Review of the “Ring” doorbell - edward
http://boingboing.net/2015/11/25/ring-is-the-doorbell-i-nev.html
======
Joeri
That reads like an advertisement, but I have one myself and it works pretty
well.

Downsides:

\- Hooking it up to the existing wiring wasn't possible in our case, because
of electrical incompatibility. Definitely research this ahead of time.
Charging is every few months it seems if you turn on motion detection.

\- It makes just one sound, and it's rather annoying. I really wish I could
upload a different sound.

\- Prior to the last recharge, but before receiving a battery alert, we had a
few cases where you had to press the button a few times before it worked.
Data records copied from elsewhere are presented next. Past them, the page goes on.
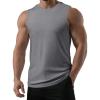 image:imageJMIERR Sleeveless Tank Tops Workout Muscle Gym Ribbed Shirt Athletic Bodybuilding T ShirtsLight Grey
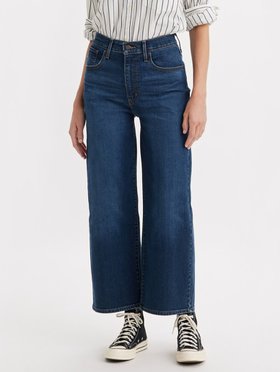 【リーバイス/Levis】のHIGH RISE WIDE LEG ダークインディゴ WINTER EVENING 人気、トレンドファッション・服の通販 founy(ファニー) ファッション Fashion レディースファッション WOMEN 冬 Winter ストレッチ Stretch ハイライズ High Rise 人気 Popularity |ID:prp329100004157577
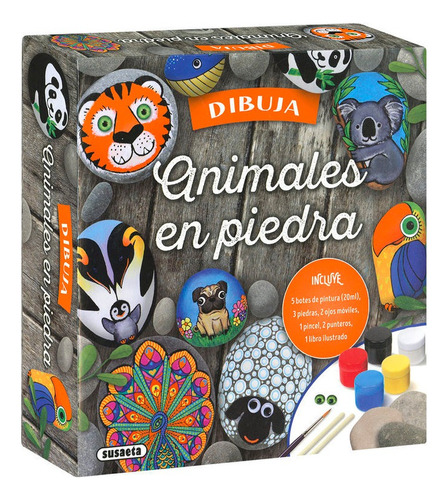 Animales En Piedra, De Cameron, Katie. Editorial Susaeta En Español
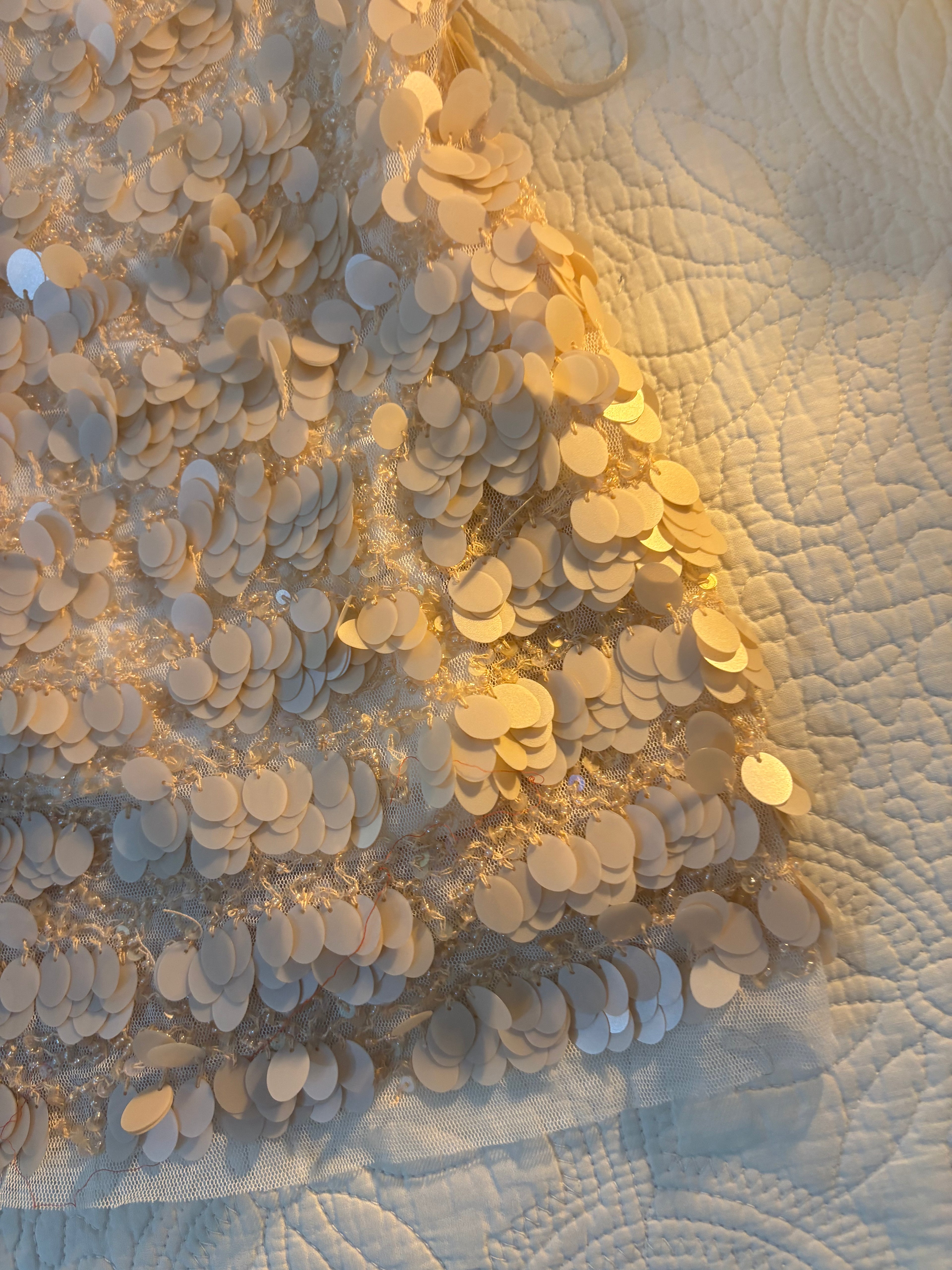 free people sequin skirt beige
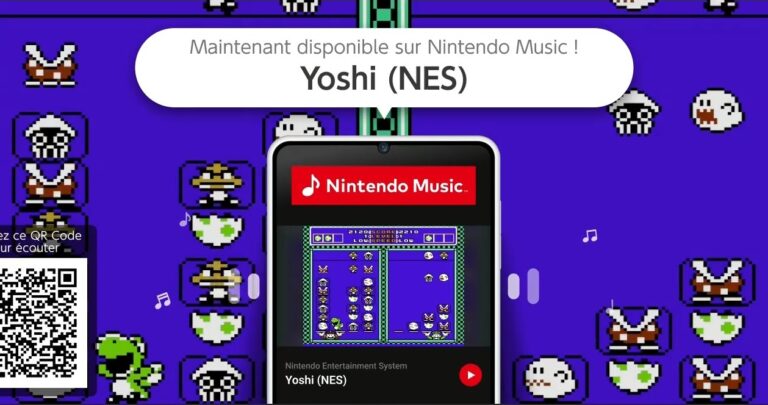 Ajout des musiques de Yoshi sur l'application Nintendo Music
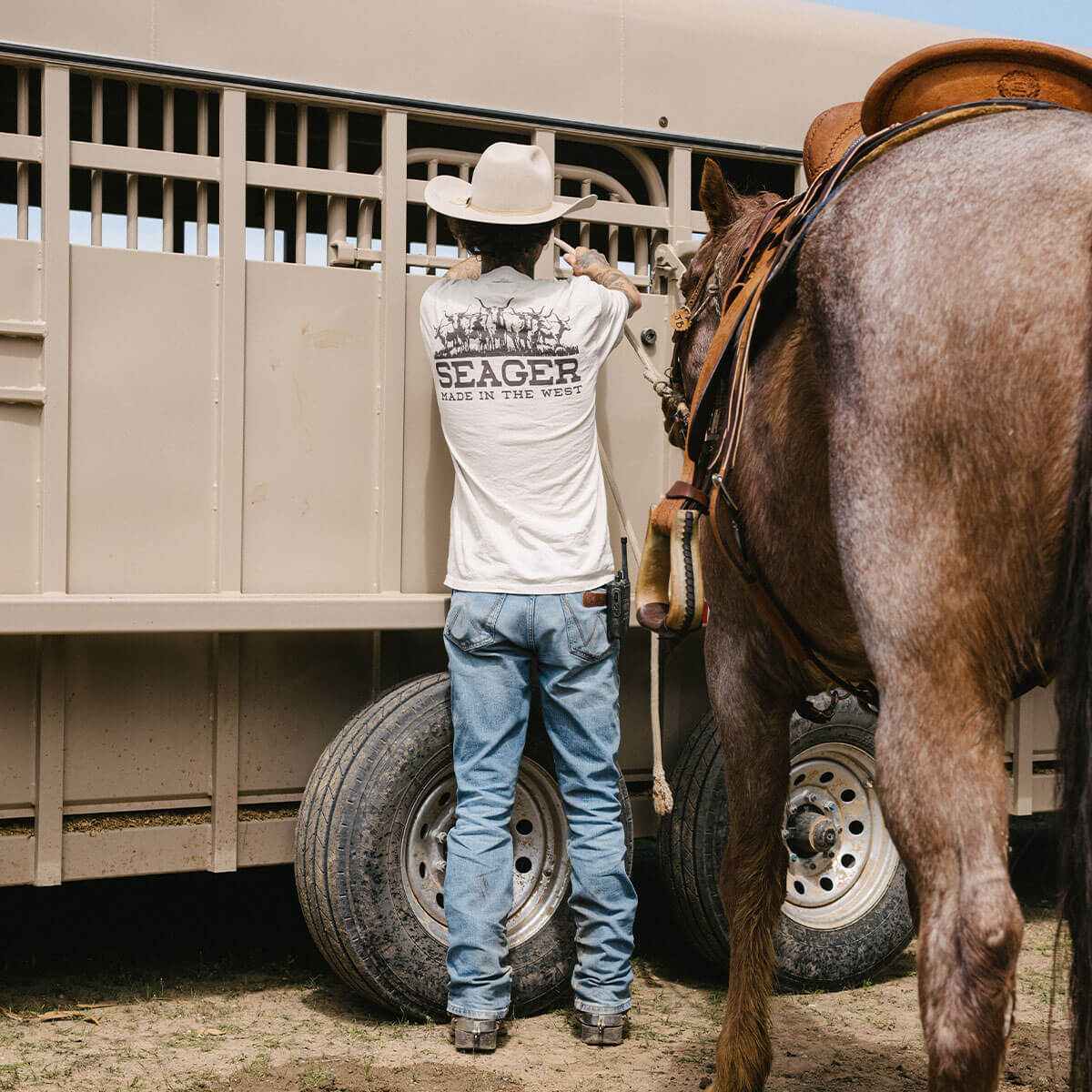 Seager Herd Vintage White S/s Shirt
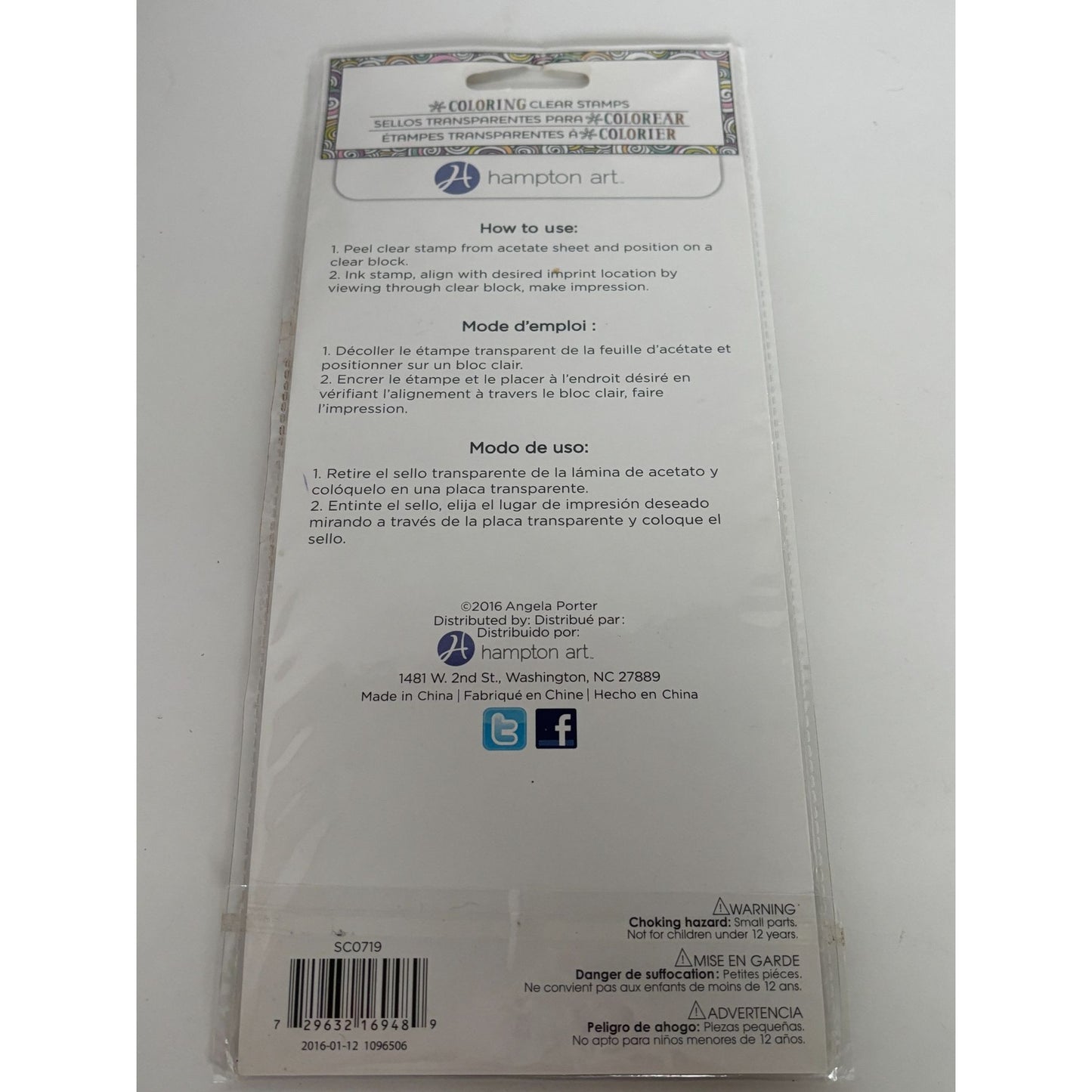 Hampton Art Coloring Clear Stamps Life with You is Good Flowers Card Making 7 pc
But
that was a few months ago, and it has been working reliably since.

Upsides: everything mentioned in the article.

------
amluto
Sounds neat, but: I'd prefer not to send all this video into the cloud, and I
don't want the expensive brick this will become if the manufacturer goes out
of business or decides to add a monthly fee.

We really need a clean way to self-host or distribute hosting of the cloud
part of the IoT. Maybe Sandstorm will serve this purpose some day.

------
mattkevan
The article read at first like a spoof of unnecessarily internet-connected
gadgets with one-word names.

Like Wash, a smartphone-operated wifi washing machine (actually that's not a
bad idea, let's get onto Kickstarter).

It was only halfway through did I realise it was a serious article about an
actual product...